As crime continues at its current rate and our city’s law enforcement officers continue to make more and more arrests, that stack of open cases will continue to grow faster and faster.

When Jackson was sworn in last year, the District Attorney’s Office was severely short-staffed. With seven assistant district attorney positions vacant — including the Chief ADA — the DA’s office was at a critical disadvantage in our city’s ability to prosecute offenders and place the guilty behind bars. 

After just one year on the job, Jackson has already filled each and every one of those vacant positions. However, the increasing rate of cases means the office still can’t keep up to fight the city’s staggeringly-high number of gang-related offenses. 

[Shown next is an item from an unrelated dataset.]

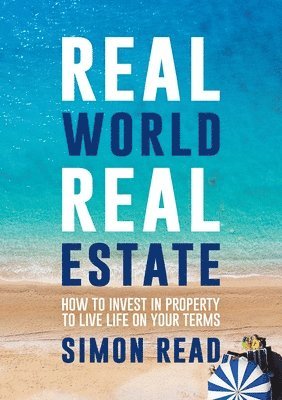Simon Read - Real World Real Estate: How to invest in property to live life on your terms, Häftad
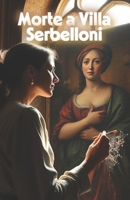 Morte a Villa Serbelloni (Italian Renaissance Historical Mystery): Un thriller storico italiano tra arte rinascimentale, segreti di famiglia e misteri ... (Cozy Crime Renaissance Mystery Series)) B0FRLK5131 Book Cover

That’s why Jackson says his office needs a small budget increase so they can hire two additional investigators and two additional administrators. 

“Municipal court and juvenile court do not have investigators,” Jackson said. “What I’ve asked for in the budget is two investigators, which according to the new salary pay scale will add to the budget about $85,000 — total, for the two. And the two admins that I’m asking for will add to the budget about $70,000.”

Jackson also stressed the importance of an extremely-large drug bust made by the Muscogee County Sheriff’s office just a few days ago, showing how serious and prevalent the city’s gang-related crime really is:

“Kudos to the police department and kudos to the sheriff’s department — but even in the last forty-eight hours, the sheriff’s department made a bust where they had (speaks slowly and with extreme emphasis) eleven kilos of methamphetamine. It’s here. In this city. Eleven kilos. Approximately a million dollars worth of meth found in our city, as recently as forty-eight hours ago,” Jackson emphasized. 

Having our city’s valiant law enforcement officers get these criminal scumbags off the street is the sharpest tip of the spear in our city’s fight against violent gang-related crime. Having our DA’s office successfully prosecute — to put the guilty behind bars and keep them there — is how our city sustains that fight.

Without the proper resources to do that at a rate faster than the cases pile up, our city won’t stand a chance.

The problem isn’t going to go away on its own.

Perhaps our city should go out of its way to get our DA what he reasonably needs. Now that would be amazing. 

Qui Pro Domina Justitia Sequitur.

Facts are stubborn things — and we’ll keep publishing them, whether city officials like them or not.